What is the point? I mean, most of the time when I'm playing a video game, I'm not having sex. Thus,
in part of my mind, I want to have sex. Does the game I'm playing really need
to do what my brain is already doing, presenting the idea of some really great sex and then not
figuring out how to actually give it to me? It would be insulting if I didn't have the comfort of the
knowledge that the developers annoying me with this are really desperate in more ways than one— even
the developers who aren't in the seventh year of development on their first Windows game.
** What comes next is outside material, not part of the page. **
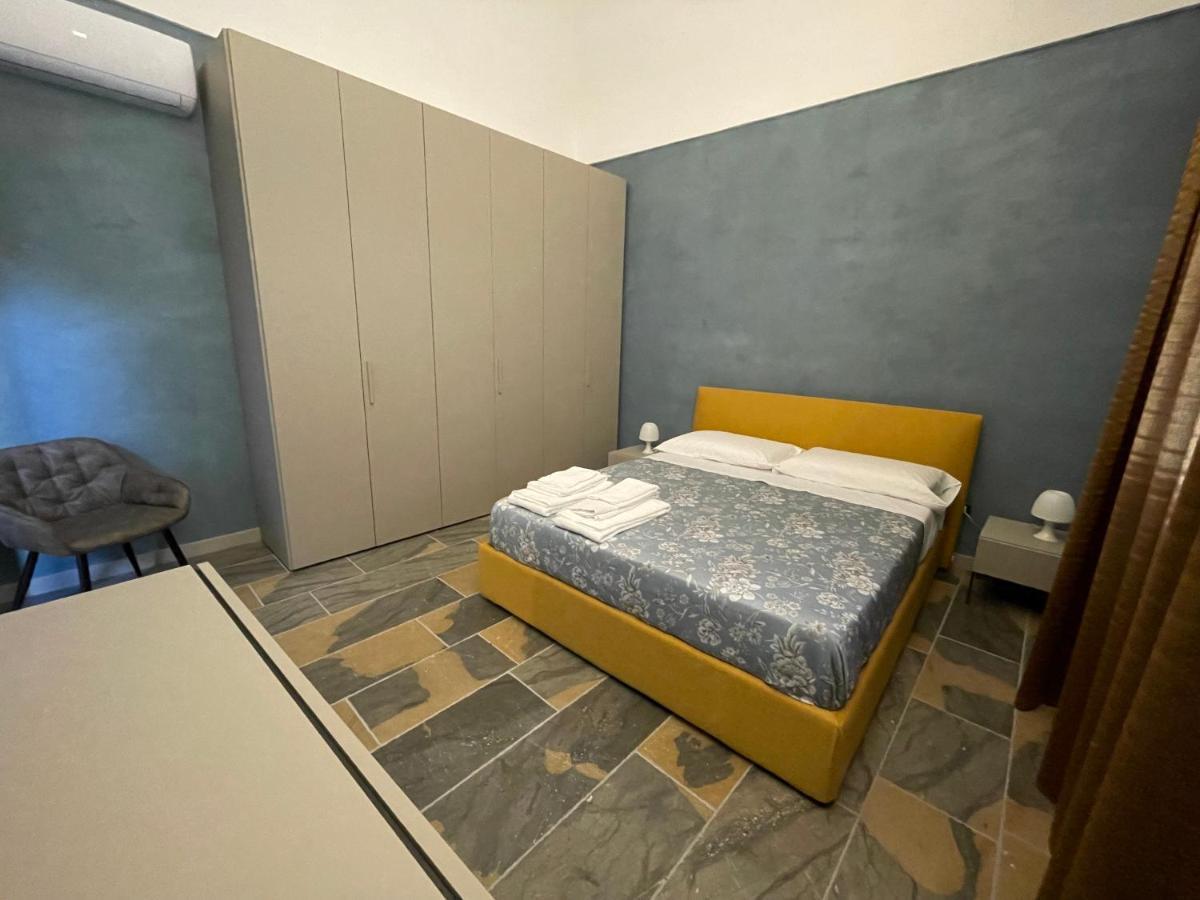 Casa Vacanze Gramsci Marsala Dış mekan fotoğraf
If you remain unconvinced, take a look at this old Fear Effect 2 ad that reader JP submitted after
seeing it on famously nicknamed game journalist loonyboi's blog:
Original, actual print ad.
If this makes you interested in Fear Effect 2— or perhaps interested but with a vague sense of
it being insulting towards women and therefore OK since you don't actually know many women but if you
did you wouldn't show them this— you've been had. Here, look at what the ad is really saying:
Implicit message revealed, and original ass tagline upgraded to
something they wish they could use.
Now I know that just about anything can be fetishized, and that there's money to be made. That's a decent theory
as to why these games exist. On a fetish scale of "poop" to "stern, but secretly passionate young English
teachers", flesh-toned polygons might even fall right of center. But, ultimately, even extreme softcore fetish
is still fetish and still pretty creepy if you aren't into it. At Best Buy, Crying Japanese Women Farting on
Birthday Cakes Volume 3 doesn't share shelf space with Pirates of the Caribbean. They may not even carry it; they keep hanging up when I call and ask.
But BMX XXX sits next to Burnout, and that's just wrong. As soon as Sid Meier goes on record as saying games
should no longer be considered a series of interesting decisions, but instead a series of interesting primary
and secondary sexual characteristics, I'll recant. But not until then.